Lossy compression (MP3, AAC, Opus, OGG) discards data your ear is least likely to notice. At 192 kbps and above MP3 is "transparent" to most listeners on most material; AAC reaches transparency around 128–160 kbps; Opus reaches it around 96–128 kbps. Below those thresholds artifacts get progressively easier to spot, especially on cymbals, applause, and dense electronic textures. Lossless formats (FLAC, ALAC, WavPack) shrink the file without touching the audio at all — decoded output is bit-for-bit identical to the source.

Should I pick MP3, AAC, or Opus?

Choose MP3 when compatibility matters most — every car stereo, USB stick, Bluetooth speaker, and 20-year-old MP3 player handles it. Choose AAC for the Apple ecosystem (it's the native format for iTunes, Apple Music, and Voice Memos) or when you want roughly 20% smaller files than MP3 at matched quality. Choose Opus when bandwidth is tight (under ~96 kbps) or for voice — it's the codec WebRTC, Zoom, Microsoft Teams, and YouTube use under the hood for low-bitrate streams.

How much smaller is FLAC than WAV?

FLAC typically lands at 50–70% of the source WAV size — call it a 30–50% reduction. Simple acoustic material compresses best (down to 45% of original); dense, noisy mixes compress least (65% of original). Crucially, FLAC is lossless, so decoding a FLAC file yields the exact same PCM samples as the source WAV. See compress FLAC if you have a FLAC library that's still too large for storage — re-encoding with a higher compression level squeezes out a few more percent without quality loss.

Can I target an exact file size like 8 MB?

Yes. Pick Specific file size, type the target in KB or MB, and XConvert back-solves the bitrate from the file's duration. Useful for hitting hard caps — Discord free uploads (10 MB), Reddit chat attachments, classroom LMS limits, or legacy forum uploaders. If the target is unrealistically small for the duration (e.g. a 60-minute episode in 1 MB), the encoder will floor at the codec's minimum bitrate and you'll get audible artifacts.

CBR or VBR — which should I choose?

Use CBR when you need predictable file size or you're streaming to a player that can't reseek smoothly across variable frames — some podcast RSS validators and older car head units fall in this camp. Use VBR for archives and on-demand playback where you want the smallest file for a given perceived quality — VBR spends bits on complex passages (a cymbal crash) and saves them on quiet ones (a single voice). Modern phones, browsers, and streaming services all handle VBR fine.

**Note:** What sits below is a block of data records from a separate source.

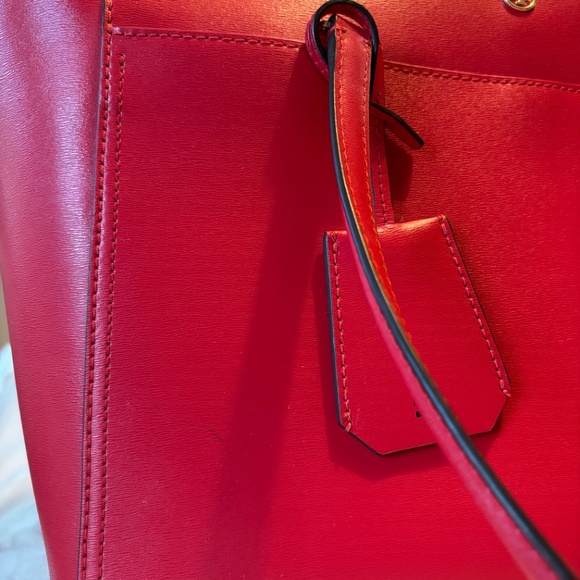 Tory Burch Parker Large Tote Cherry Apple Red - Picture 3 of 9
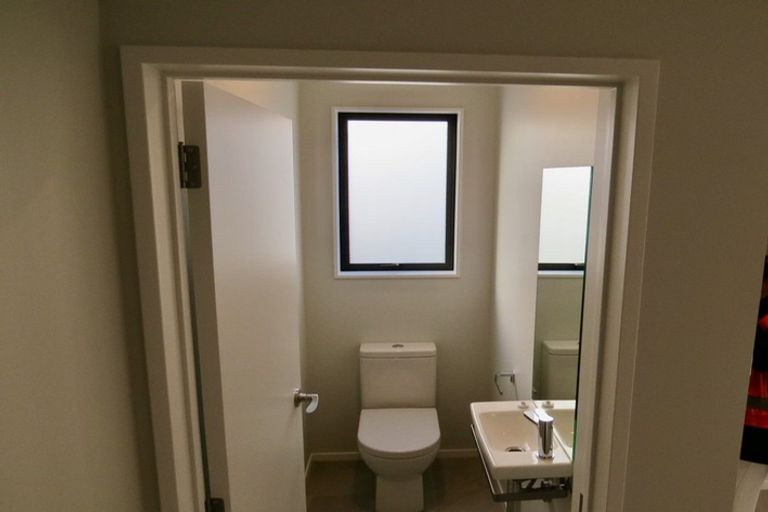 Photo of property in 49 O'meara Street, Swanson, Auckland, 0614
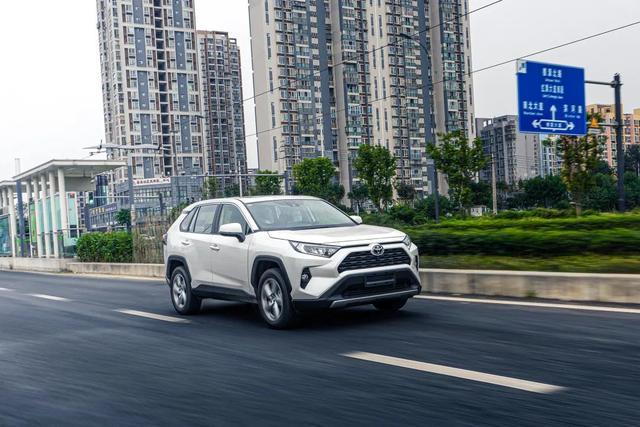 RAV4荣放提车作业：落地究竟多少钱？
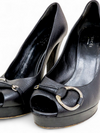 Tacones "Horsebit Accent Leather Pumps"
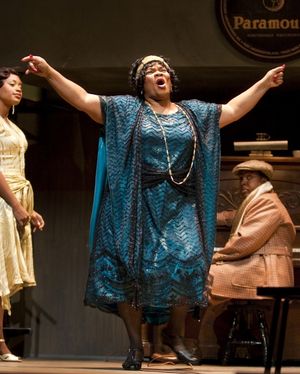 Lerea Carter, Jevetta Steele, Ahanti Young Photo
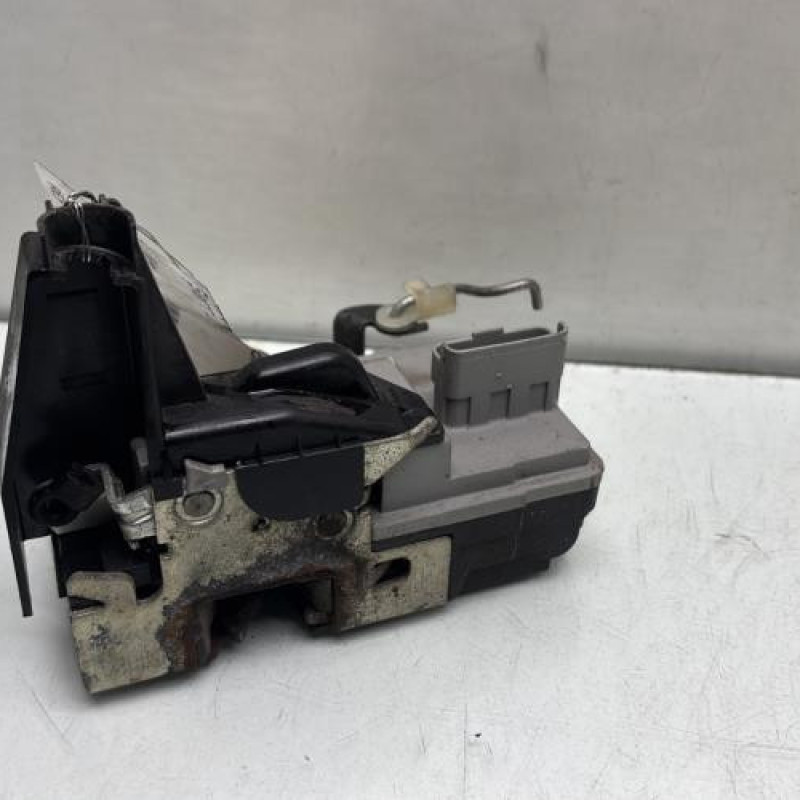 Serrure avant droit PEUGEOT 307 Photo n°4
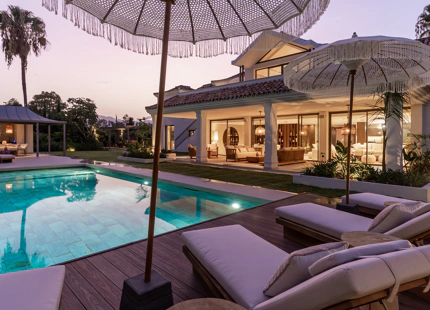 ELEGANT ANDALUSIAN VILLA WITH CONTEMPORARY INTERIORS NEAR ATALAYA GOLF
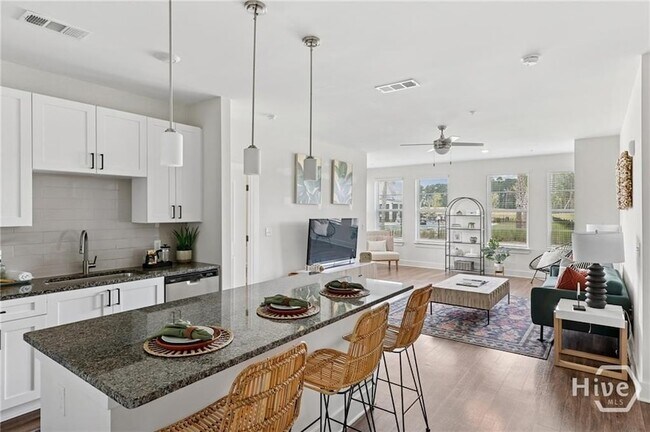 Building Photo - 7450 GA-21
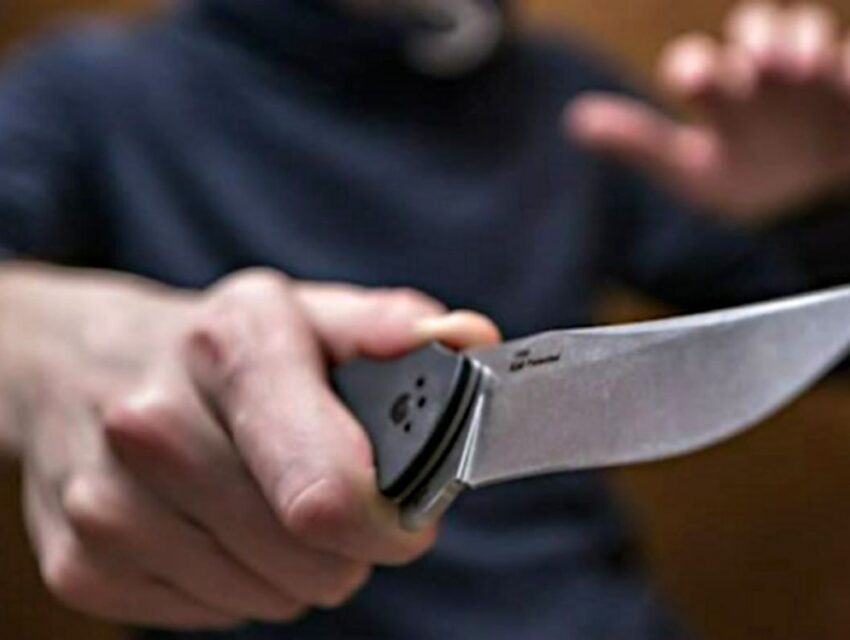 Приставив ніж до шиї жінки: в Кам’янському чоловіка підозрюють у розбійному нападі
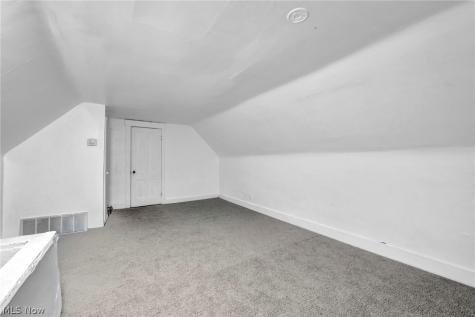 1352 E 86th Cleveland OH 44106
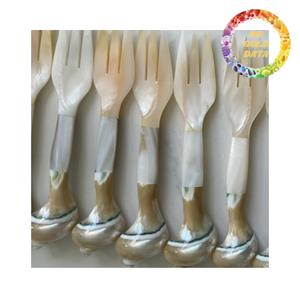 Mother of pearl spoon for dessert and tea natural shell spoon elegant design for restaurant and home - Product Image 5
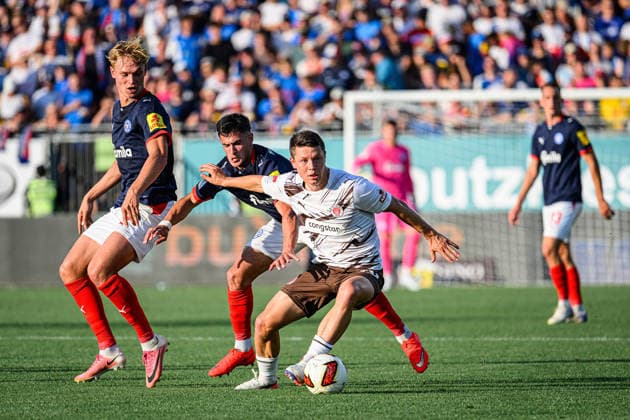 Fußball I Herren I Saison 2026-2027 I 2. Bundesliga I 2. Spieltag I Holstein Kiel - FC St. Pauli I 14.08.2026 Guillermo Balzi (8, Holstein Kiel), Mathias Rasmussen (20, FC St. Pauli) Kiel Holstein-Stadion Schleswig-Holstein Deutschland *** Soccer I Men s I 2026–2027 Season I 2. Bundesliga I Matchday 2 I Holstein Kiel vs. FC St. Pauli I August 14, 2026 Guillermo Balzi 8, Holstein Kiel, Mathias Rasmussen 20, FC St. Pauli, Kiel, Holstein Stadium, Schleswig-Holstein, Germany Copyright: xLobecax xHenningxRohlfsx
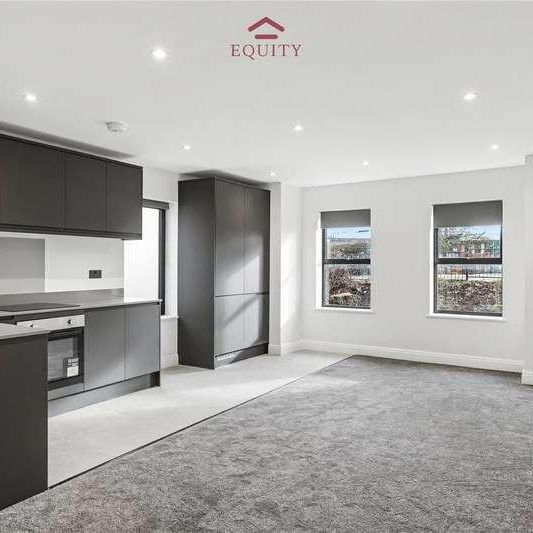 Bullsmoor Lane, Enfield, EN3 - Photo 1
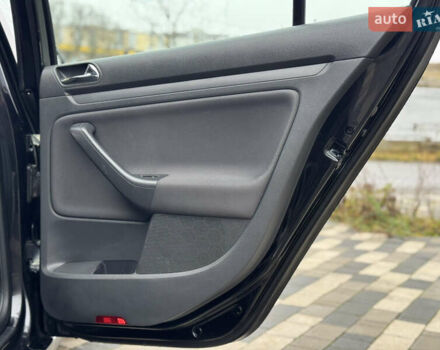 Черный Фольксваген Гольф, объемом двигателя 1.4 л и пробегом 197 тыс. км за 5500 $, фото 24 на Automoto.ua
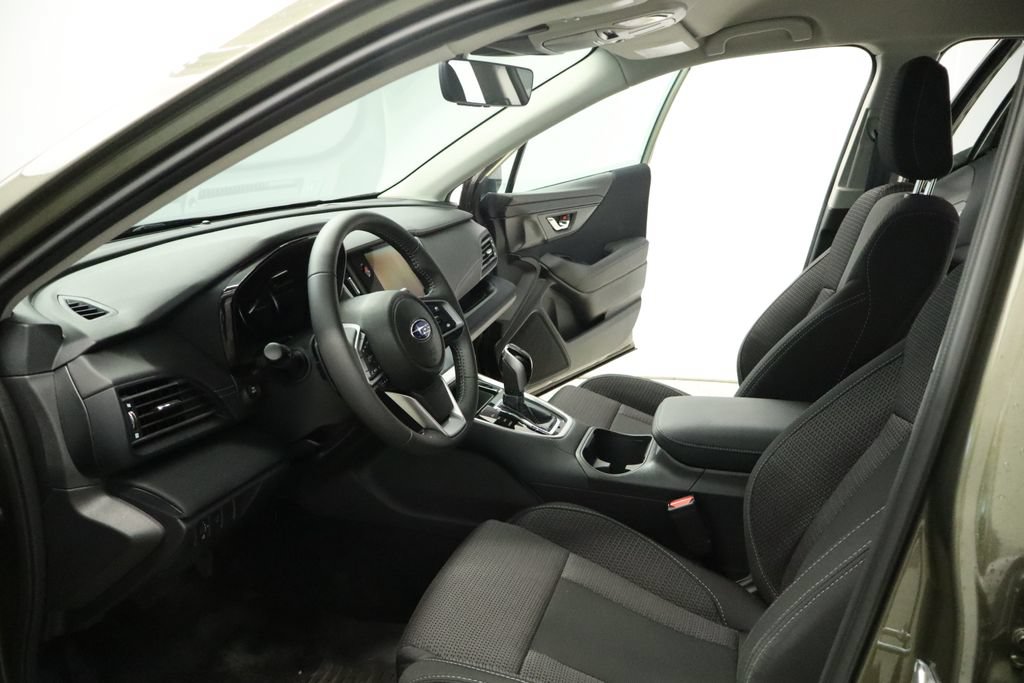 Used 2025 Subaru Outback Premium AWD/4WD image 24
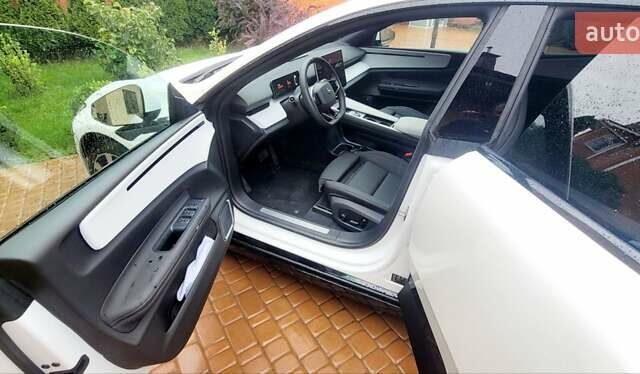 Белый Polestar 4, объемом двигателя 0 л и пробегом 17 тыс. км за 36000 $, фото 14 на Automoto.ua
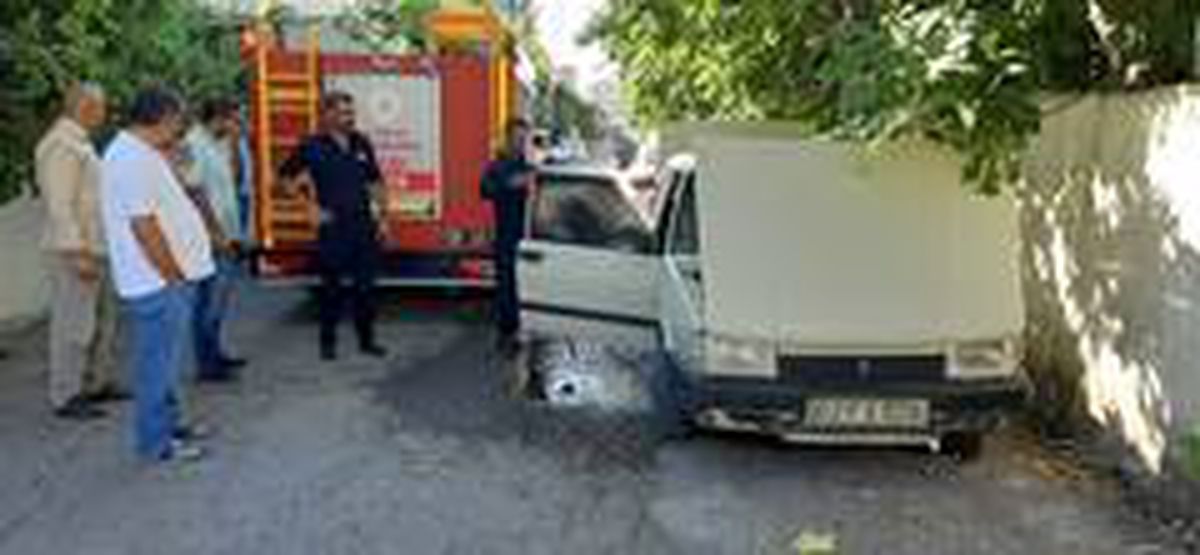 Park halindeki otomobil yandı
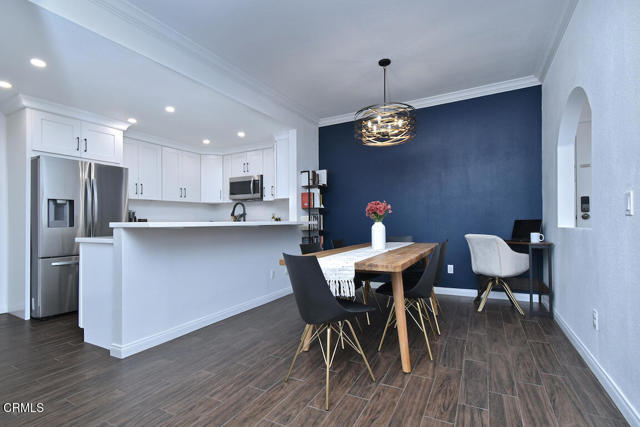 Building Photo - 5534 Encino Ave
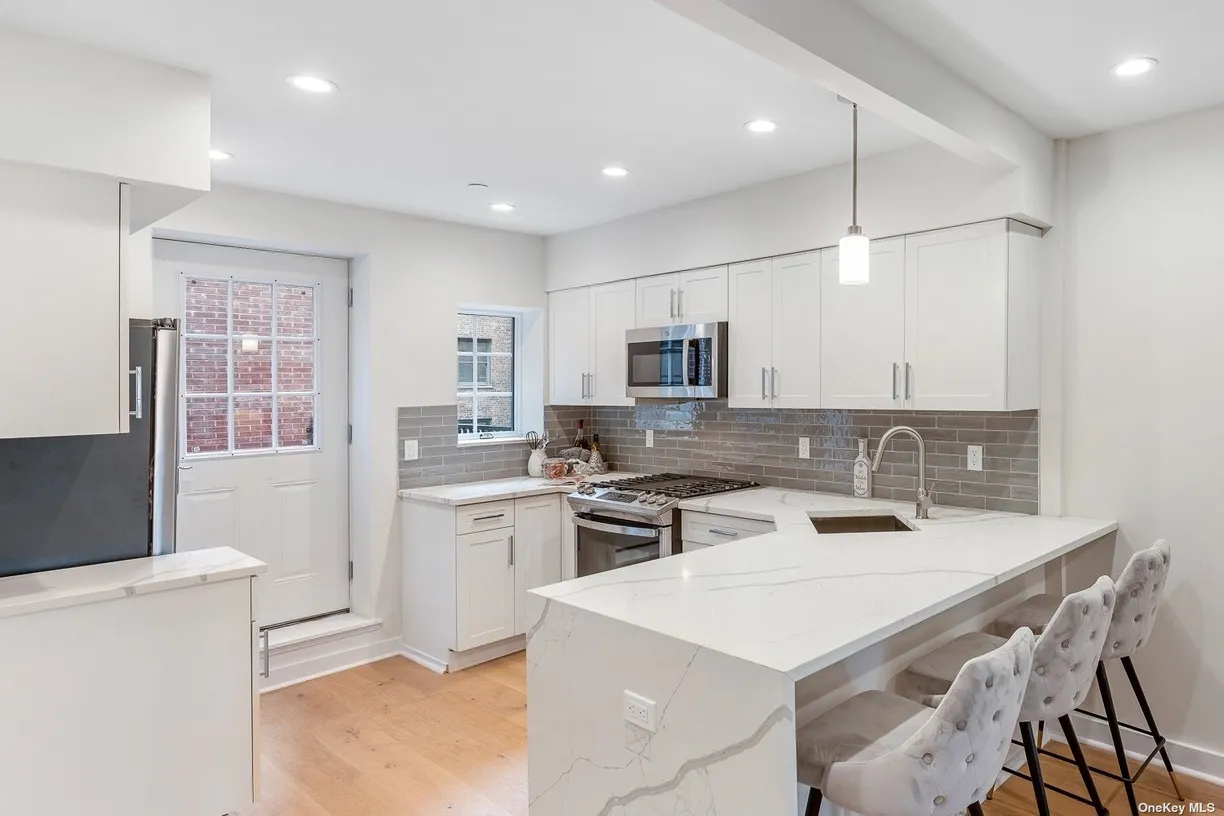 New York City Real Estate | View 31-22 29th Street, 2A | Listing | View 3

Does converting stereo to mono really halve the file size?

For voice content, yes — collapsing two identical-ish channels into one cuts the encoded size by close to 50% with no perceptible change for spoken-word listeners on a single speaker. For music it's a bad trade: you lose stereo imaging, panning, and most of the production. The "Audio Channel" dropdown lets you switch to mono per-file, so you can keep music tracks in stereo and force mono on lectures, interviews, or voicemails.

Will the sample rate affect file size?

Yes, but less than bitrate does. Halving the sample rate (48 kHz to 24 kHz) chops the bit budget the encoder has to work with, which lets you drop bitrate proportionally — useful for voice content where anything above 16 kHz is wasted. For music, keep 44.1 or 48 kHz — dropping to 22.05 kHz audibly dulls cymbals and high vocal harmonics. The XConvert "Audio Sample Rate" dropdown supports 8000, 12000, 16000, 24000, 44100, and 48000 Hz.

Are my audio files private?

Yes. Uploads use TLS in transit, processing happens on isolated workers, and files are auto-deleted shortly after the job finishes. We don't index, sample, or share your audio. If you need to crop a file before sharing, the same trim controls live as a dedicated tool at audio trimmer; for full format conversion without compression, use audio converter.